Set Up Business in Thailand and Embrace Its Rich Culture
For manufacturing companies especially, the best option is certainly to set up business in Thailand, thanks to the skilled yet affordable workforce, generous tax incentives, the country’s ASEAN membership and a vast network of suppliers and corporate customers.
It’s feasible to set up business in Thailand, as it is the 22nd most attractive consumer market in the world. This is according to the renowned World Economic Forum, Further, here are other reasons why investors are keen on doing so:
Foreign Investments Made Easy
Foreign investments in several sectors are available for international investors to leverage on, and these sectors include electronic, chemical, paper, plastics and metal products. All these sectors will benefit from a corporation tax holiday of up to eight years, exemption from import duties on machinery and raw materials, and even simplified customs procedures and permission to own land.
Transporting Goods Is Easy
Conducting business in Thailand through rail, air, land and sea is a breeze, since Thailand’s transportation network is considered the 4th best in South East Asia.
Free Trade Zones Have an Advantage
Companies which are incorporated within any of Thailand’s 12 free trade zones will enjoy several advantages. These advantages include VAT exemption, no import and export duties imposed, and up to eight years of tax holiday for promoted activities. They may even own land upon getting permission from the government.
Regional Headquarters Benefits
Enjoy only 10% of corporate tax when you set up business in Thailand. The government levies on any income received from subsidiaries, which include royalties, interest and intellectual property and management fees. Dividends which are received from international subsidiaries are also free from Thailand’s corporate income tax.
Regional Operating Headquarters set up in Thailand can own land in the country and will be free from any currency controls and overseas remittance restrictions. These companies will also be free to employ as much expatriate talent as they need.

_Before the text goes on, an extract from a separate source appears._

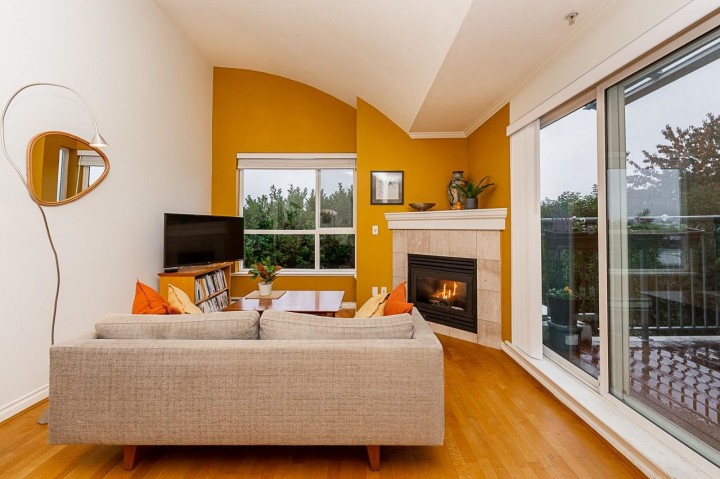 Photo 5 at 403 - 1617 Grant Street, Grandview Woodland, Vancouver East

Tax Incentives Provided by the Government
The government of Thailand wants to attractive foreign investors into the country for the good of the economy. This is why they have introduced attractive tax incentives for the benefit of these international investors. Among the benefits that international investors can look forward to include corporate tax holidays which can be granted by the Thailand Board of Investment to companies that are investing in the designated industries. Designated industries here refer to the following industries:
- agro-industry
- alternative energy
- automotive
- electronics
- ICT
- entertainment
- fashion
- healthcare
- tourism
Companies will also be able to claim as much as a 200% rebate on any research and development costs incurred during their business operations. Also, they may claim a 200% deduction for job training expenses. These include expenditure on salaries paid to disabled employees.
All businesses operating in Thailand will be able to carry forward their losses for up to 5 years if needed.